-- TRY IT --
For the records below, copy exactly the span that begins at the line containing "Coros Pace 2" and stops after the line containing "Chery Omada 5", minus any pictures.

-- EXCERPTED DATA --
——————————
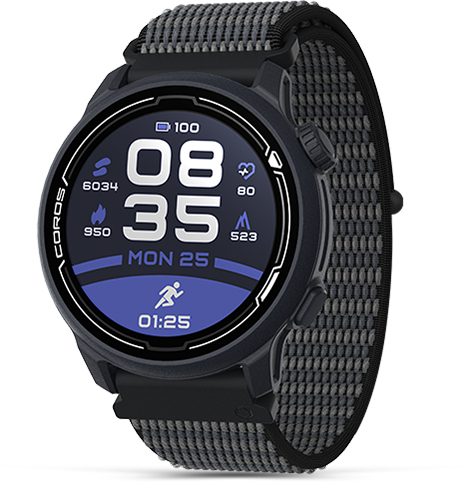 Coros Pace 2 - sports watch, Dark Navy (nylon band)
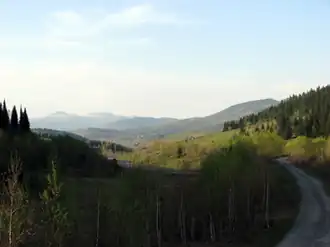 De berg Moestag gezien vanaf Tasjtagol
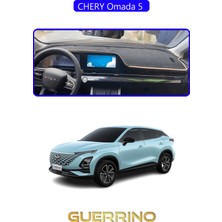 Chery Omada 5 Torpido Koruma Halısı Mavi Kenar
——————————
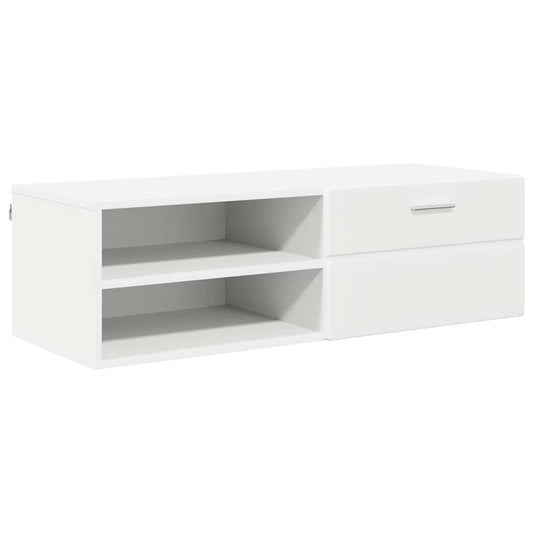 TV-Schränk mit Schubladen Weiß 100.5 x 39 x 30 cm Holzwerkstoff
——————————
-- OUTPUT OF THE EXERCISE --
 Coros Pace 2 - sports watch, Dark Navy (nylon band)
 De berg Moestag gezien vanaf Tasjtagol
 Chery Omada 5 Torpido Koruma Halısı Mavi Kenar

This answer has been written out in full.